The aerosol generating article 66 has a first end 68 (or mouth end), a second end 70, and comprises a filter 72 at the first end 68. The filter 72 acts as a mouthpiece and may comprise an air-permeable plug, for example comprising cellulose acetate fibres.

The aerosol generating substrate 16 and filter 72 may be circumscribed by a paper wrapper and may, thus, be embodied as an aerosol generating article 66. One or more vapour collection regions, cooling regions, and other structure may also be included in some designs.

The heating assembly 12 comprises a heater (not shown) arranged to heat the aerosol generating substrate 16 in the heating compartment 14.

The heating assembly 12 may be an induction heating assembly (not shown). The induction heating assembly further comprises an induction coil (not shown). The induction coil is arranged to be energised to generate an alternating electromagnetic field for inductively heating an induction heatable susceptor (not shown), i.e., a heater.
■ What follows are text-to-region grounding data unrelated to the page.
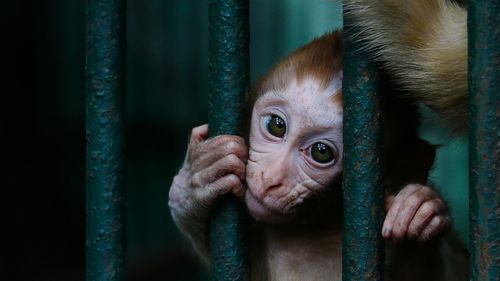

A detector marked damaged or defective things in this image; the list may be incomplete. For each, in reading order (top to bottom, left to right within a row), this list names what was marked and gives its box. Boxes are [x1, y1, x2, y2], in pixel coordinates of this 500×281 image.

peeling paint on bar [85, 0, 126, 280]
rusty metal bar [86, 0, 126, 280]
peeling paint on bar [207, 0, 250, 280]
rusty metal bar [207, 0, 250, 280]
rusty metal bar [342, 4, 384, 280]
peeling paint on bar [342, 6, 384, 280]
peeling paint on bar [466, 0, 498, 280]
rusty metal bar [468, 1, 500, 278]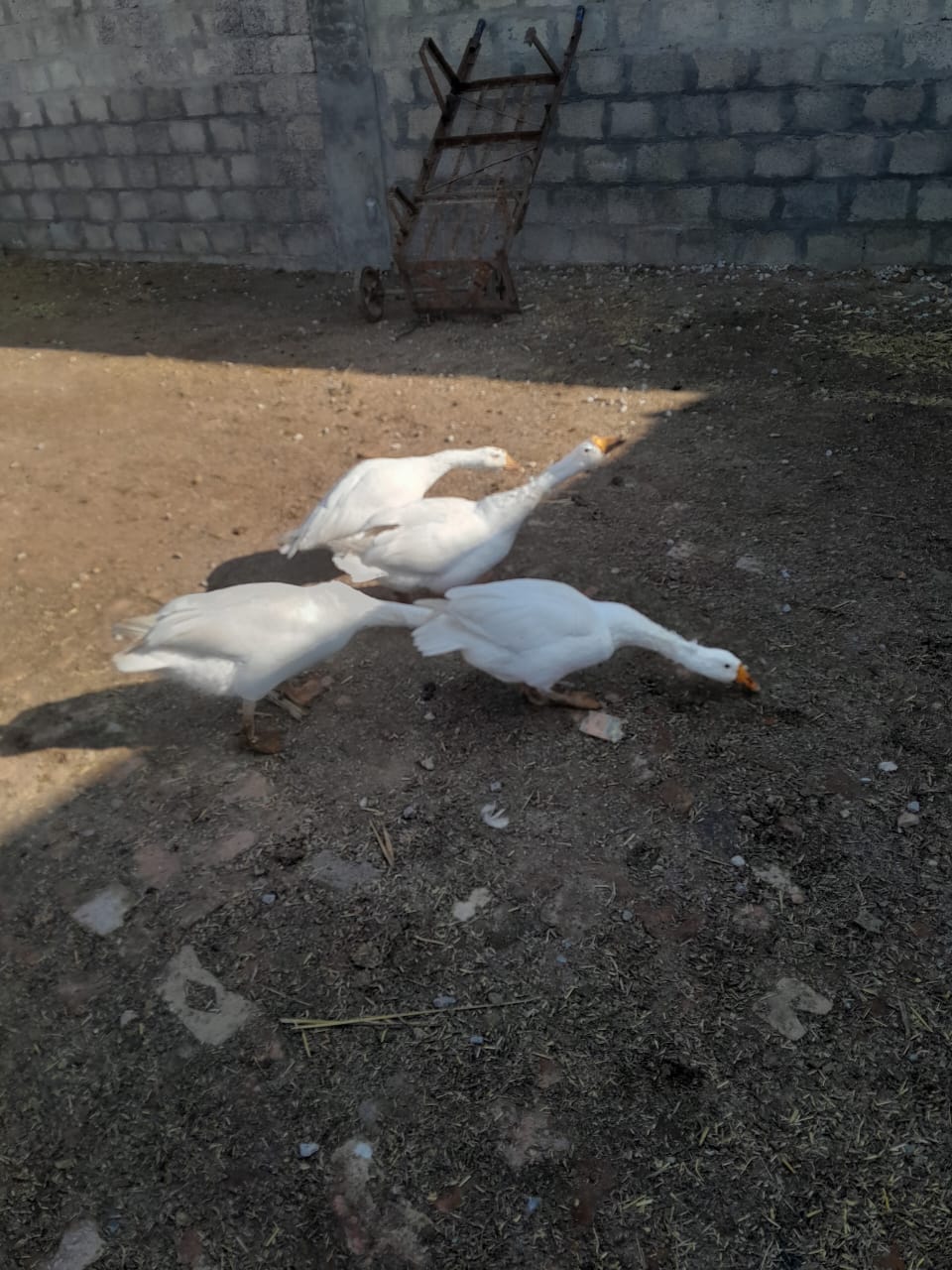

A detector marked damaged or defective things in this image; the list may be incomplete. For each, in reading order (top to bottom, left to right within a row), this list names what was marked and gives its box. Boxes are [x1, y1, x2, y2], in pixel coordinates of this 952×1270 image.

rusty metal cart [355, 7, 579, 321]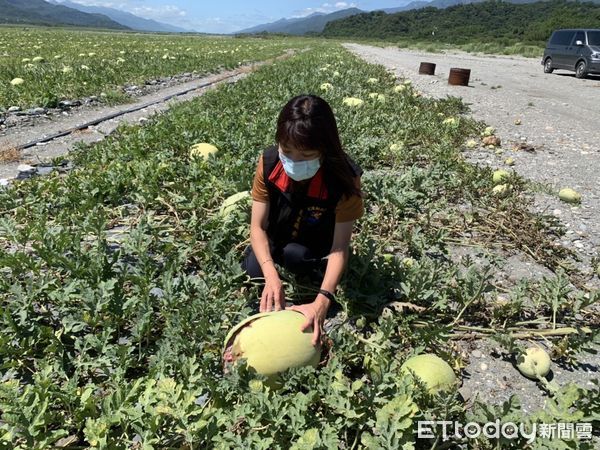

The induction heatable susceptor may be arranged around the periphery of the heating compartment 14. Alternatively, the induction heatable susceptor may be arranged to project into the heating compartment 14 from the second end 60 (e.g., as a heating blade or pin) to penetrate the aerosol generating substrate 16. In other examples, the induction heatable susceptor is instead provided in the aerosol generating substrate 16 during manufacture of the aerosol generating article 66. In such examples, the aerosol generating article 66 comprises the induction heatable susceptor.

The induction coil can be energised by the power source 56 and controller 54. The induction coil may comprise a Litz wire or a Litz cable. It will, however, be understood that other materials could be used.

The induction coil may extend around the heating compartment 14. Accordingly, the induction coil may be annular. The induction coil may be substantially helical in shape. In some examples, the circular cross-section of a helical induction coil may facilitate the insertion of an aerosol generating article 66 and optionally one or more induction heatable susceptors, into the heating compartment 14 and ensure uniform heating of the aerosol generating substrate 16.

The induction heatable susceptor comprises an electrically conductive material. The induction heatable susceptor may comprise one or more, but not limited to, of graphite, molybdenum, silicon carbide, niobium, aluminium, iron, nickel, nickel containing compounds, titanium, mild steel, stainless steel, low carbon steel and alloys thereof, e.g., nickel chromium or nickel copper, and composites of metallic materials. In some examples, the induction heatable susceptor comprises a metal selected from the group consisting of mild steel, stainless steel and low carbon stainless steel.

In use, with the application of an electromagnetic field in its vicinity, the induction heatable susceptor(s) generate heat due to eddy currents and magnetic hysteresis losses resulting in a conversion of energy from electromagnetic to heat.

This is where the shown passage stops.